By Hsu Shih-jung 徐世榮
Thursday, Aug 05, 2010, Page 8
Following the case of Dapu (大埔) in Miaoli County’s Jhunan (竹南) Township, the government announced that land expropriation in Siangsihliao (相思寮), Erlin (二林) Township, Changhua County, had been completed legally. That means the government can send in excavators at any time, whereupon they will tear down houses, dig up crops and chase ageing farmers off their land.

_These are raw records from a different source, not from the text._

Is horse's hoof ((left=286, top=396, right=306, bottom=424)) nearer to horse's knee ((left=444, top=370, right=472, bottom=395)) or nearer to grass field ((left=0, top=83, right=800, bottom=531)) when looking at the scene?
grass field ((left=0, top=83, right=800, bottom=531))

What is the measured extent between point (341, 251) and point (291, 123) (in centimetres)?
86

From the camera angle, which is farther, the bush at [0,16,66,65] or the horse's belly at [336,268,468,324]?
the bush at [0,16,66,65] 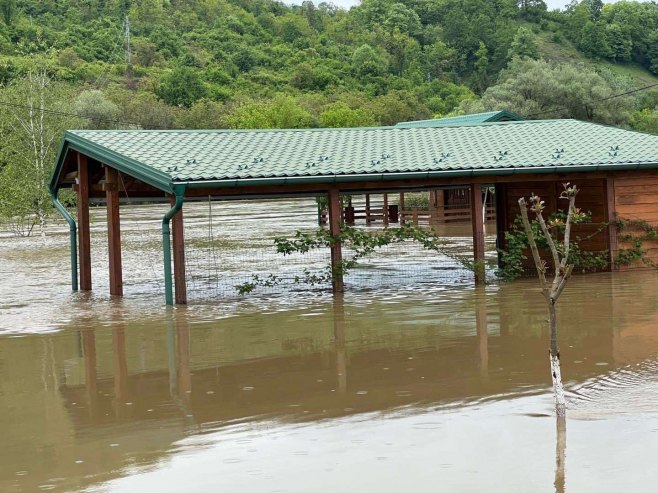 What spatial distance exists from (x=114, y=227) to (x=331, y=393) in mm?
9483

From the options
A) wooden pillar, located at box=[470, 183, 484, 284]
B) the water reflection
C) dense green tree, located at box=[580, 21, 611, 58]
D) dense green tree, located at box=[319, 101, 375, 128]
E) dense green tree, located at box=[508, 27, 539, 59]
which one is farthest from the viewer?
dense green tree, located at box=[580, 21, 611, 58]

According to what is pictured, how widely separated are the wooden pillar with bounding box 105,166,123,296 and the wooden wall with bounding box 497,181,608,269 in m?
7.37

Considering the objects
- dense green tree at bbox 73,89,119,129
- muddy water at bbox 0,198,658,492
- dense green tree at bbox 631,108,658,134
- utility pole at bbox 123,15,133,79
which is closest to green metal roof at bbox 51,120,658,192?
muddy water at bbox 0,198,658,492

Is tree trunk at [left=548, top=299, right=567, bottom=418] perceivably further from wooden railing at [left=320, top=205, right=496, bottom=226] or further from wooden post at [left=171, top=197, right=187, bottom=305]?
wooden railing at [left=320, top=205, right=496, bottom=226]

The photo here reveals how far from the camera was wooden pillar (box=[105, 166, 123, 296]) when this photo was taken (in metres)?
18.1

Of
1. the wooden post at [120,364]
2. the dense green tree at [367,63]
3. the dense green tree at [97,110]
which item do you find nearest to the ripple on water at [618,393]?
the wooden post at [120,364]

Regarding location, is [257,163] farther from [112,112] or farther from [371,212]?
[112,112]

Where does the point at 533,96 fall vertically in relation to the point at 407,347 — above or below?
above

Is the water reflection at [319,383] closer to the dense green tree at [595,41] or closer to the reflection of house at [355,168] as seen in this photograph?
the reflection of house at [355,168]

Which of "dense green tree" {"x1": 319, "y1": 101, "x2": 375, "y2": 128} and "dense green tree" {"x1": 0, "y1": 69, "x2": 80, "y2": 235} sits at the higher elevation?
"dense green tree" {"x1": 319, "y1": 101, "x2": 375, "y2": 128}

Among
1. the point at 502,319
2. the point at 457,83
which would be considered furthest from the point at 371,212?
the point at 457,83

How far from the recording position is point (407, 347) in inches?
466

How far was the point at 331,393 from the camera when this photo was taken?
31.2 feet

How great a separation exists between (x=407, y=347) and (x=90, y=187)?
9732 millimetres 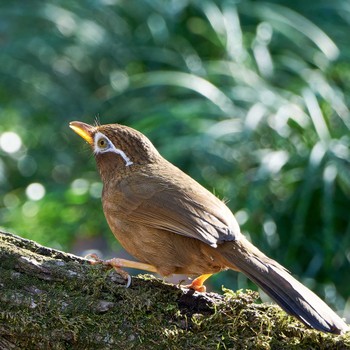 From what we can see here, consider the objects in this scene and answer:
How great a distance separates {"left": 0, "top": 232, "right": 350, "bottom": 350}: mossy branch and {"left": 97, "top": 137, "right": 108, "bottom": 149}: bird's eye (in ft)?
3.18

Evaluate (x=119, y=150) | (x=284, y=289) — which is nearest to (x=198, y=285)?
(x=284, y=289)

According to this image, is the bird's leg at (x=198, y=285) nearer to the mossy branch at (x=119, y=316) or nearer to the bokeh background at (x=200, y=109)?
the mossy branch at (x=119, y=316)

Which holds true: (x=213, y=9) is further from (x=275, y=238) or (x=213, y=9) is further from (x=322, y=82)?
(x=275, y=238)

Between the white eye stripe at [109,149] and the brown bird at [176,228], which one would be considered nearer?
the brown bird at [176,228]

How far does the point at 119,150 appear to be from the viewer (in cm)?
421

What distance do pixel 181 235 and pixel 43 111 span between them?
167 inches

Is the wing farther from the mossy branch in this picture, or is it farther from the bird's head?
the mossy branch

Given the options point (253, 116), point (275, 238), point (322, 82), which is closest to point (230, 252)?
point (275, 238)

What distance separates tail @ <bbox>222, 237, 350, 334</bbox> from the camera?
3105mm

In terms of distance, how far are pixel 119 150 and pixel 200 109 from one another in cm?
244

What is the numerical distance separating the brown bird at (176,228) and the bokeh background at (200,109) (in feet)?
5.92

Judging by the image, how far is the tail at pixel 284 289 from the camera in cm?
311

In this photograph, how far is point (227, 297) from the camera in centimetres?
331

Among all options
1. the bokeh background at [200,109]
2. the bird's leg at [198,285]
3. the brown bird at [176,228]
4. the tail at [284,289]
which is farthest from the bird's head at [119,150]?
the bokeh background at [200,109]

The government’s forcible land expropriation came like a bolt of lightning. The elderly farmers of Siangsihliao now find themselves at a loss, not knowing what will become of them. The elderly farmers have gone to Taipei several times to petition authorities — the Cabinet, the legislature and the president — saying that they don’t want to be kicked off their land. They said the government was worse than robbers, because robbers would at least leave them with land on which to grow food.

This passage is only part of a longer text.